Yeah it actually doesn't, it raises a CALL_FUNCTION IPI on the
current CPU. Maybe it should do that.

> 
> I'm sure this case has been tested (on x86), as I stressed this quite a
> bit, and all it takes is to have an RT task queued on the CPU
> processing the current "push" logic when it's not holding the rq locks
> and read that the current CPU now has an overloaded RT task.
> 
> If calling irq_work_queue_on() is really bad to do to the same CPU,
> then we can work on changing the logic to do something different if the
> CPU returned from rto_next_cpu() is the current CPU.

I don't actually know that it is bad.

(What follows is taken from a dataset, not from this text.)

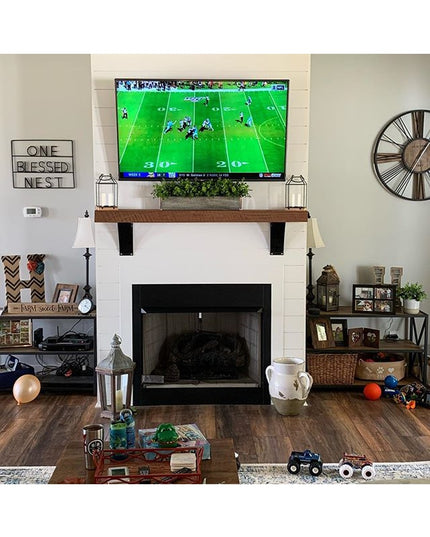 Rustic wooden mantel with black metal brackets supporting TV above white brick fireplace in modern farmhouse living room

It does seem to violate the
principle of least surprise for arch code though.

From this bug report, I'm guessing it's pretty rare case to hit so
I would worry about subtle bugs. And I just cc'ed you in case your
code was actually not intending to do this.

> Or would it be possible to just change irq_work_queue_on() to call
> irq_work_queue() if cpu == smp_processor_id()?

Something like this?

kernel/irq_work: Do not raise an IPI when queueing work on the local CPU

The QEMU powerpc/pseries machine model was not expecting a self-IPI,
and it may be a bit surprising thing to do, so have irq_work_queue_on
do local queueing when target is current CPU.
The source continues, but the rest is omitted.